**TASK TO CARRY OUT:**
Without carrying over a single picture, write out the records below exactly.

─── SOURCE DATA

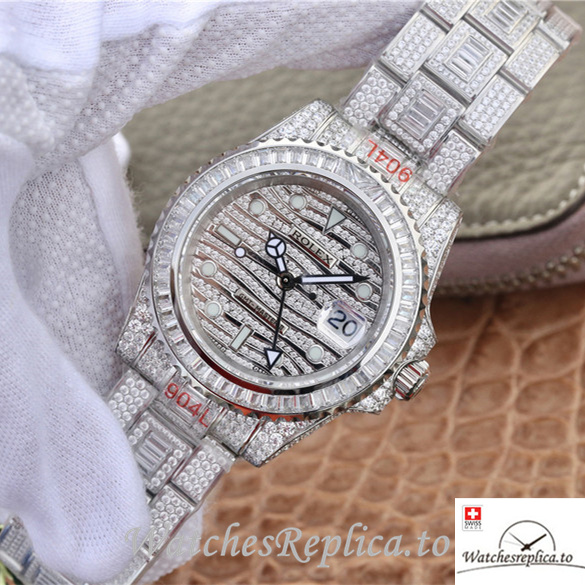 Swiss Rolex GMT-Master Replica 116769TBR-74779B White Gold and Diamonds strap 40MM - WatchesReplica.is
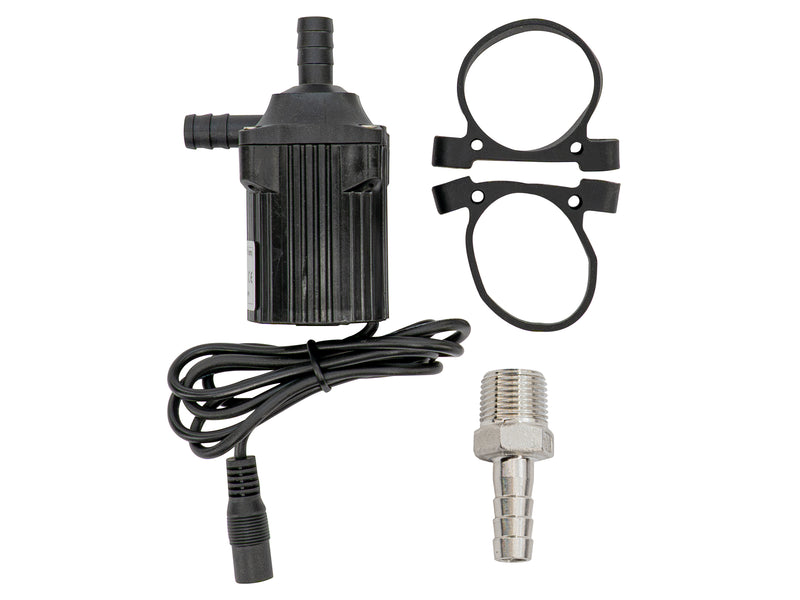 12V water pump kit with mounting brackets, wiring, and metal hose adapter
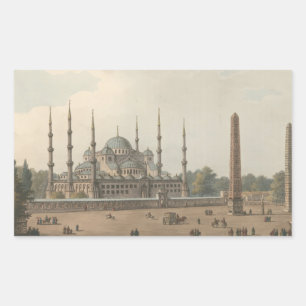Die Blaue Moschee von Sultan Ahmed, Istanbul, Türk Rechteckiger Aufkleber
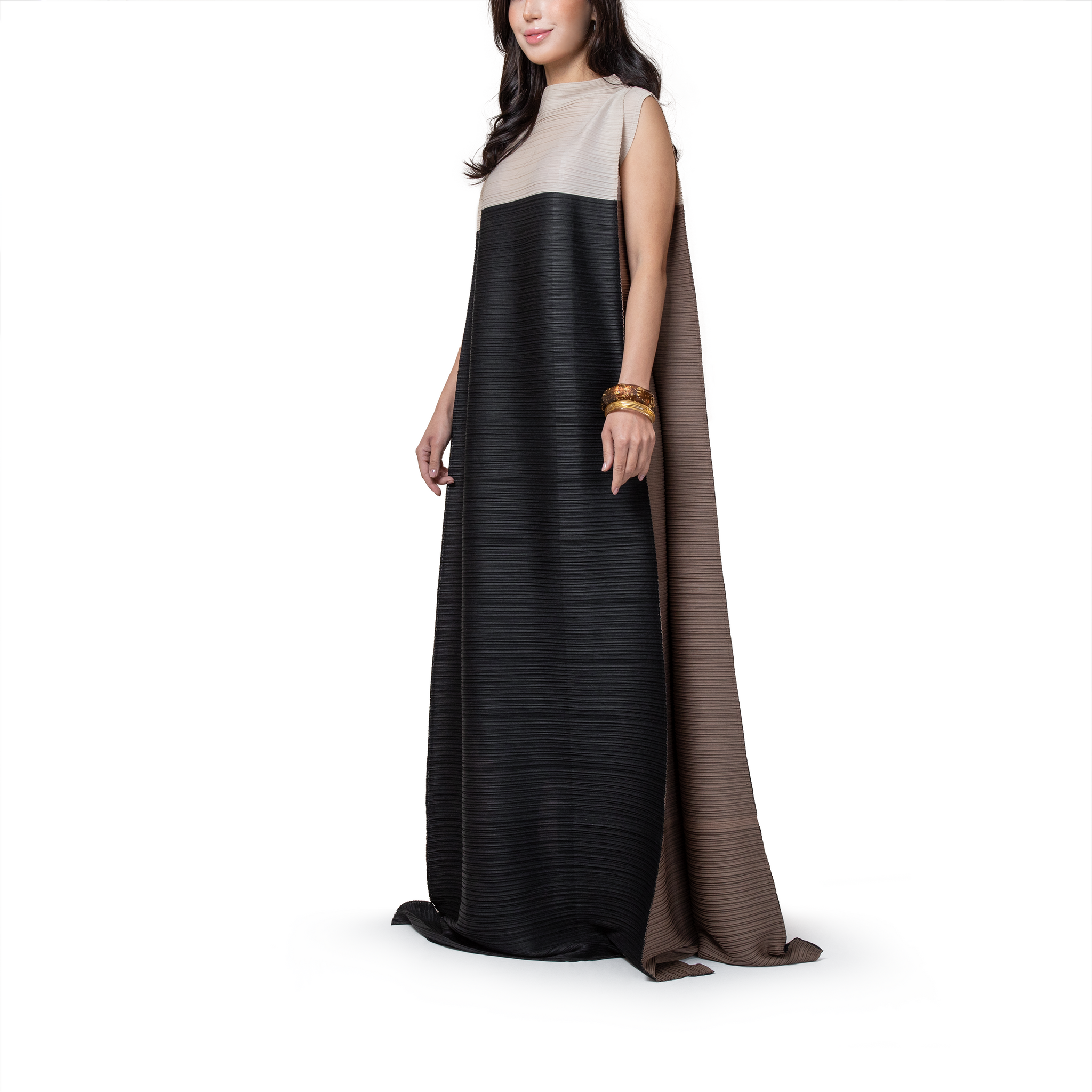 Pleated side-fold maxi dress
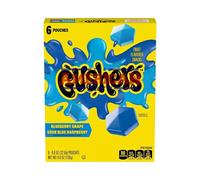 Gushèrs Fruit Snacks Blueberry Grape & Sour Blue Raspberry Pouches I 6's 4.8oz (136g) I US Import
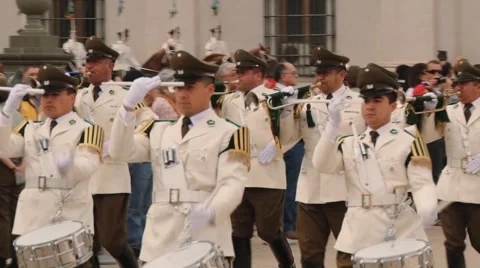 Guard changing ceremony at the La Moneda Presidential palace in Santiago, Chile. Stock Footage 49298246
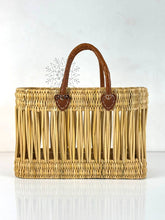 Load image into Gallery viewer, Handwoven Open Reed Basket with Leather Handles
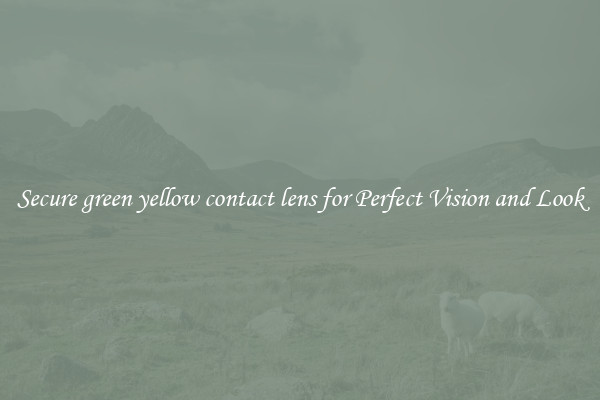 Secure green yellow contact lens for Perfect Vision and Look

──────

**EXPECTED OUTPUT:**
 Swiss Rolex GMT-Master Replica 116769TBR-74779B White Gold and Diamonds strap 40MM - WatchesReplica.is
 12V water pump kit with mounting brackets, wiring, and metal hose adapter
Die Blaue Moschee von Sultan Ahmed, Istanbul, Türk Rechteckiger Aufkleber
 Pleated side-fold maxi dress
 Gushèrs Fruit Snacks Blueberry Grape & Sour Blue Raspberry Pouches I 6's 4.8oz (136g) I US Import
 Guard changing ceremony at the La Moneda Presidential palace in Santiago, Chile. Stock Footage 49298246
 Load image into Gallery viewer, Handwoven Open Reed Basket with Leather Handles
 Secure green yellow contact lens for Perfect Vision and Look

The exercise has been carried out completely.